Princess Mononoke has two MacGuffins. One is the curse on the main character's arm (a Clingy MacGuffin) which he is trying to remove before he dies from the infection, and the other is the Forest Spirit's head, said to grant eternal life to those who own it. Despite both playing prominent roles neither has any functional impact until their relative plots are resolved at the end.
In the original Sailor Moon anime series, there were what the dub called "Rainbow Jewels", seven gems that would bring about the Silver Crystal. The Dark Kingdom wanted it to gain the power they needed to unleash Queen Metallia, Tuxedo Mask wanted it to help with his memories and the Sailors just wanted to keep them safe.
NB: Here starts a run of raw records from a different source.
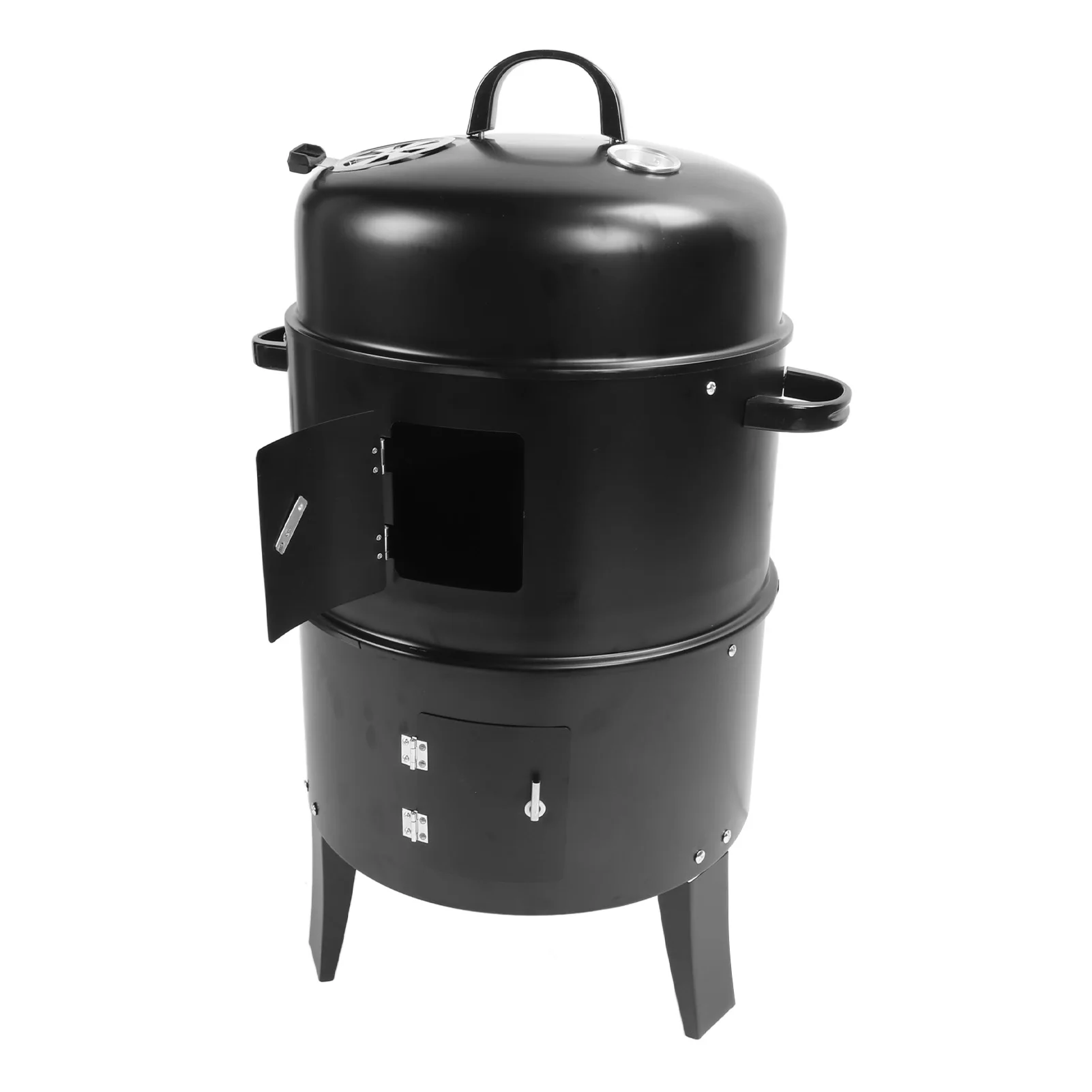 Vertical Charcoal Smoker Vertical Charcoal Smoker 3 in 1 3 Layer Grill Barbecue Smoker BBQ Grill with Thermometer for Cooking - Image 7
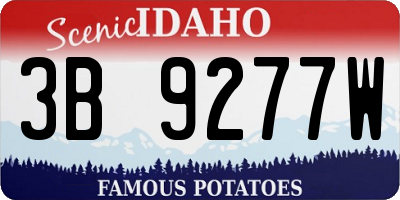 ID license plate 3B9277W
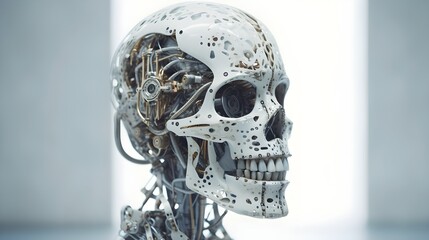Fototapeta na wymiar Artificial Intelligence AI Skull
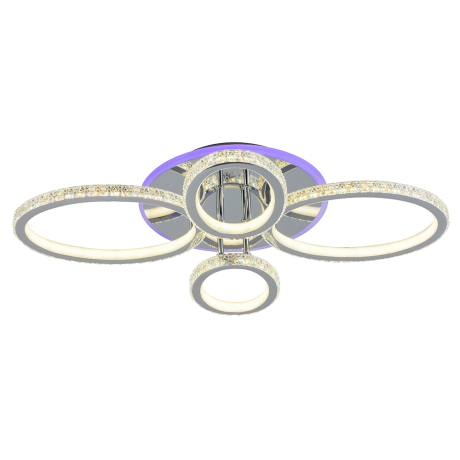 Светодиодная диммируемая люстра с ПДУ Profit Light 8033/2+2 CHR 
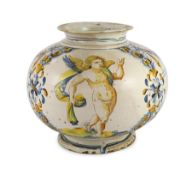 A large Italian maiolica bombola, 18th century, possibly Sicilian, painted with an angel and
The bad guys get them for all of five seconds before they become the Silver Crystal and end up revealing that Sailor Moon's also the missing Moon Princess.
The anime version of Sands of Destruction is about the World Destruction Committee, who spend the entire series carrying around an orb capable of destroying the world. (Only one of them is capable of using it, however, and he has no desire to destroy the world.)
The demon tool Brew in Soul Eater. Originally sought out by Shibusen for no clear purpose other than to avoid the other guys getting their hands on it, it was used as a bargaining chip by Medusa. She tricked Arachne into thinking she had the real thing, and gave Brew itself to Shinigami in exchange for information and a deal to bring down Arachnaphobia. The one occasion the MacGuffin tool itself does something significant, is in a Chekov's Gun-like moment during the Baba Yaga arc. Its soul amplification ability saves Death the Kid's life. And his left arm. Now placed in Noah's book, it may well turn up again to...be passed around by the cast once more.
Unsurprisingly, it does. At the very end of the series Crona uses it to seal Asura, and herself, on the moon.
In Tamagotchi! Miracle Friends, the twins Miraitchi and Clulutchi, as well as the other Tama-Friends, are after special creatures called Dreambakutchis that will help the duo get back to the future where they belong. However, Smartotchi a.k.a. the villain X-Kamen also wants them for his own purposes.
In Tokyo Shinobi Squad, En's scroll is one part of the Cycle of Five Scrolls, a set of the most valued and powerful ninpo arts in the world. He's been hounded by assassins looking to nab it for themselves for ages until he runs into Jin. Jin is also after one of the other four.
The flashy, expensive sneakers are the primary (and possibly only) motivators for Kirenenko in Usavich.
In Windy Tales, the wind manipulation powers are used mostly as a backdrop for the more Slice of Life nature of the tales in the title.
The Dokuro Stones from Yatterman would definitely apply.